─── DATASET EXCERPTS ───
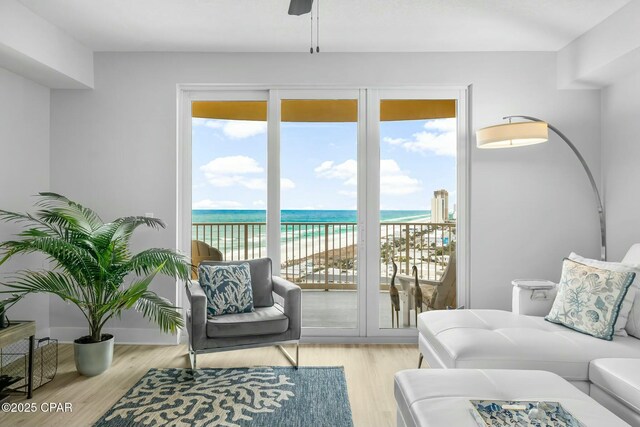 15928 Front Beach Rd Unit 3-1610, Panama City Beach, FL 32413 - living area featuring plenty of natural light, view of water and beach, and wood finished floors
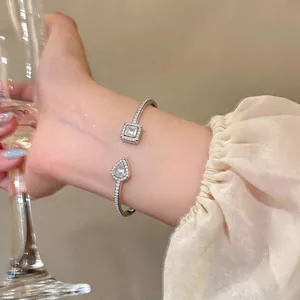 Elegant silver-toned open bangle featuring square and teardrop zircon stones on wrist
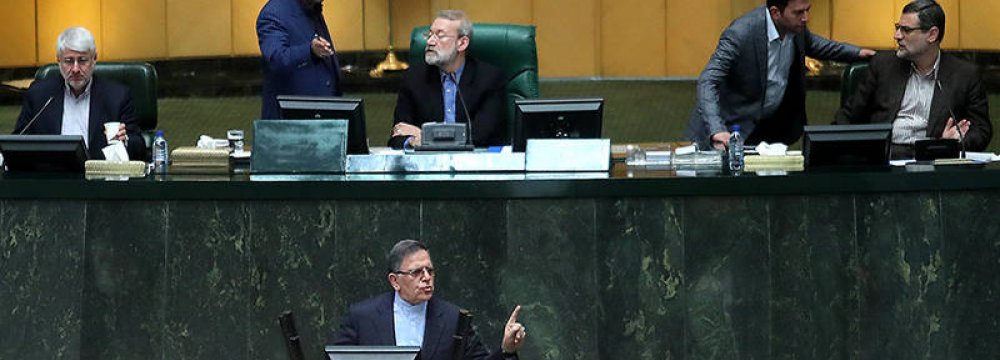 CBI Governor Valiollah Seif (Foreground) addresses the Iranian Parliament on April 10. 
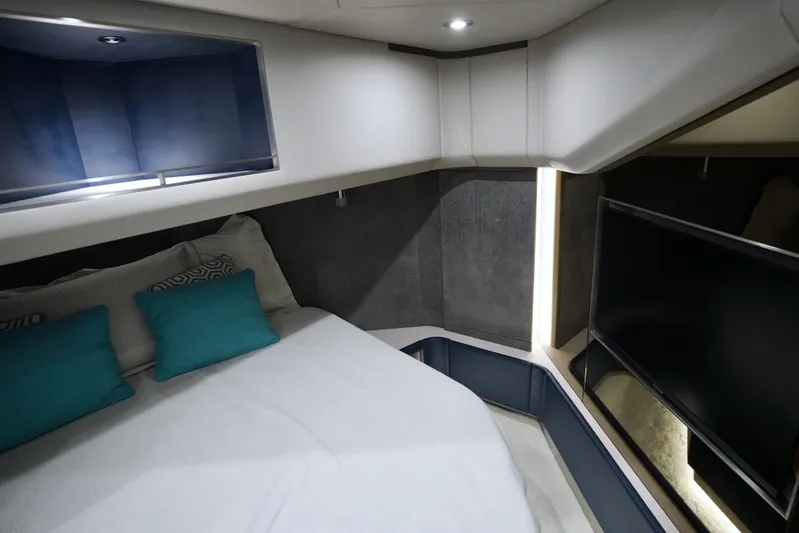  Yacht Photos Pics Luxurious 2024 Uniesse HTC5P yacht cabin with modern design and cozy bedding.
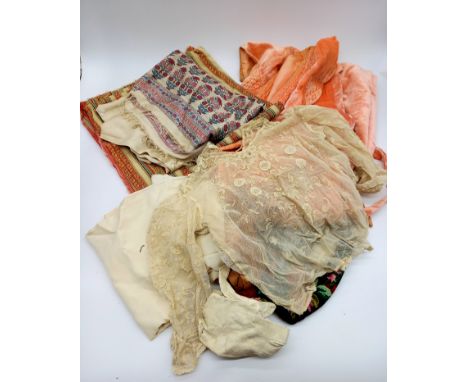 A collection of assorted vintage clothing to include dressing gown, Turkish coat, Victorian lace blouse etc.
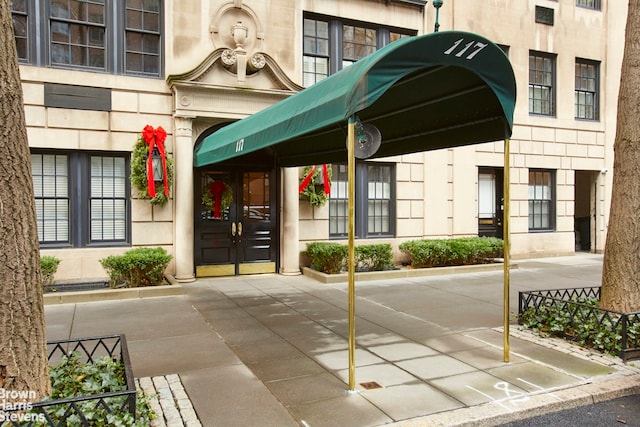 117 E 72nd St Unit 2W, New York City, NY 10021 - view of exterior entry featuring french doors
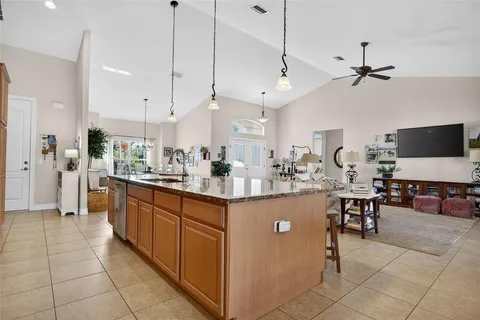 a kitchen with stainless steel appliances kitchen island granite countertop a table chairs and a sink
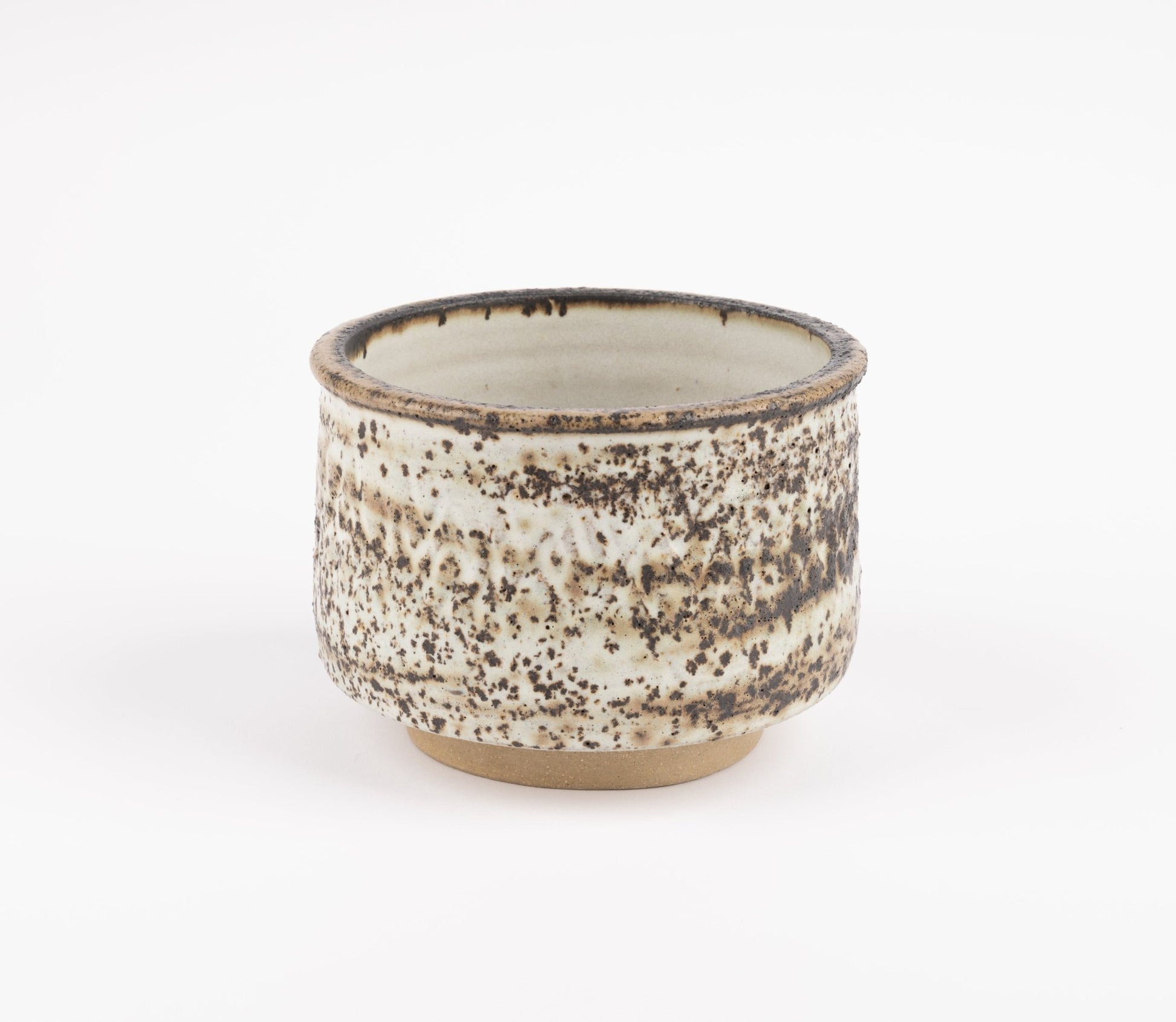 Tessa Kidick studio pottery bowl with low cylindrical form, speckled ivory and brown mottled glaze on raised foot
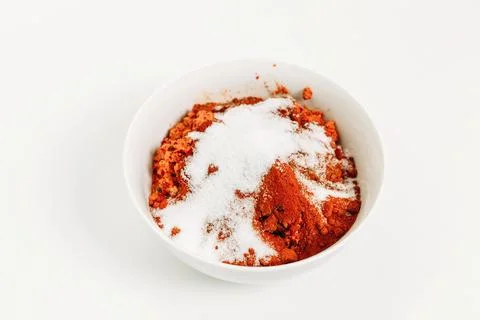 On the table in a plate there is a vegetable mixture covered with salt for .. Stock Photos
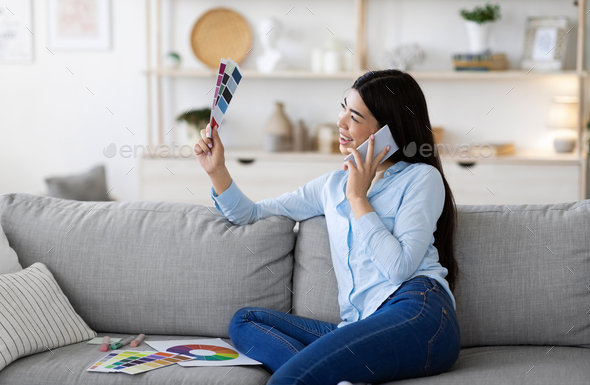 Cheerful Korean Woman Choosing Design Of New Apartment, Holding Color Palette And Talking On Cellphone At Home, Discussing Project With Designer, Sitting On Couch In Living Room, Copy Space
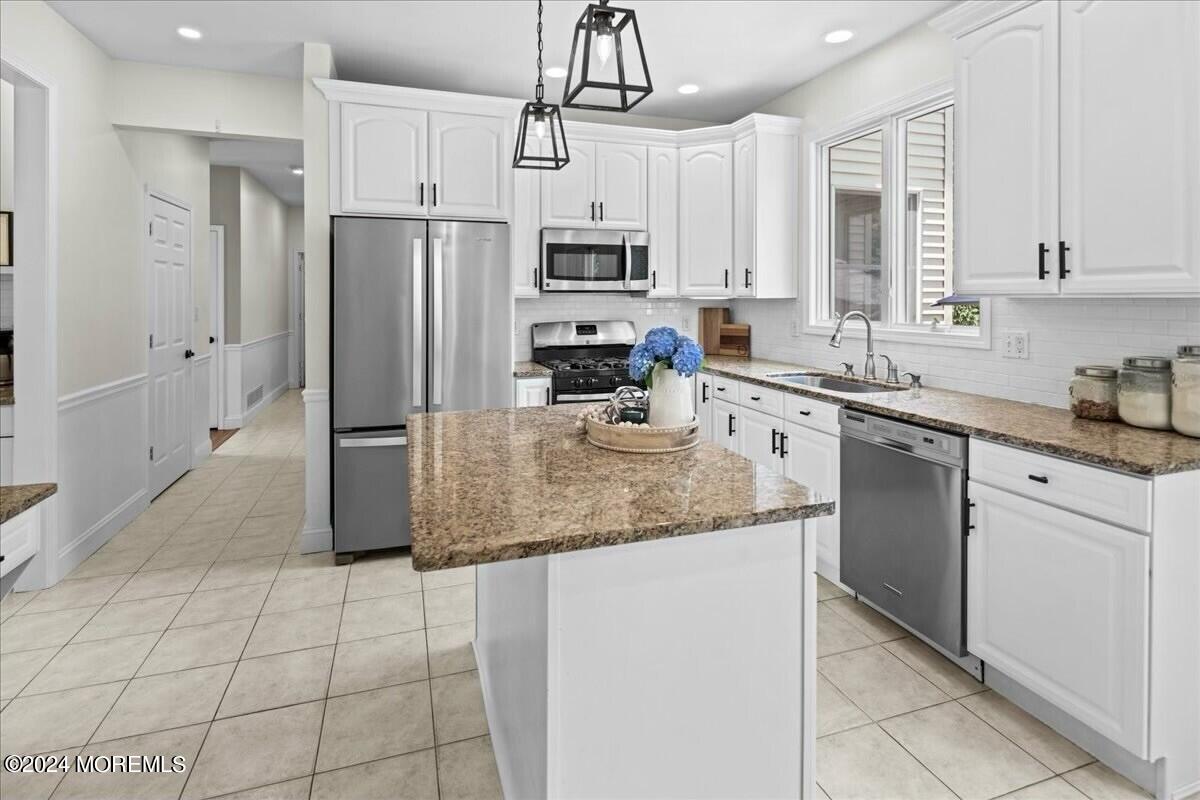 19 Popper Street Manahawkin, NJ 08050 - Photo 15 of 53 a kitchen with stainless steel appliances granite countertop a sink a stove a refrigerator a microwave and cabinets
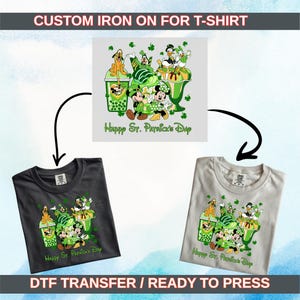 May include: A dark grey and a light grey t-shirt, each displaying a St. Patrick's Day design. The graphic includes cartoon characters, green elements, and the words "Happy St. Patrick's Day". The image also shows a design for a custom iron-on for t-shirts.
───
INSTRUCTIONS FOR THE TASK - From the first line to the last, output the data exactly; skip any pictures.

RESULT -
 15928 Front Beach Rd Unit 3-1610, Panama City Beach, FL 32413 - living area featuring plenty of natural light, view of water and beach, and wood finished floors
 Elegant silver-toned open bangle featuring square and teardrop zircon stones on wrist
 CBI Governor Valiollah Seif (Foreground) addresses the Iranian Parliament on April 10. 
  Yacht Photos Pics Luxurious 2024 Uniesse HTC5P yacht cabin with modern design and cozy bedding.
 A collection of assorted vintage clothing to include dressing gown, Turkish coat, Victorian lace blouse etc.
 117 E 72nd St Unit 2W, New York City, NY 10021 - view of exterior entry featuring french doors
 a kitchen with stainless steel appliances kitchen island granite countertop a table chairs and a sink
 Tessa Kidick studio pottery bowl with low cylindrical form, speckled ivory and brown mottled glaze on raised foot
 On the table in a plate there is a vegetable mixture covered with salt for .. Stock Photos
 Cheerful Korean Woman Choosing Design Of New Apartment, Holding Color Palette And Talking On Cellphone At Home, Discussing Project With Designer, Sitting On Couch In Living Room, Copy Space
 19 Popper Street Manahawkin, NJ 08050 - Photo 15 of 53 a kitchen with stainless steel appliances granite countertop a sink a stove a refrigerator a microwave and cabinets
 May include: A dark grey and a light grey t-shirt, each displaying a St. Patrick's Day design. The graphic includes cartoon characters, green elements, and the words "Happy St. Patrick's Day". The image also shows a design for a custom iron-on for t-shirts.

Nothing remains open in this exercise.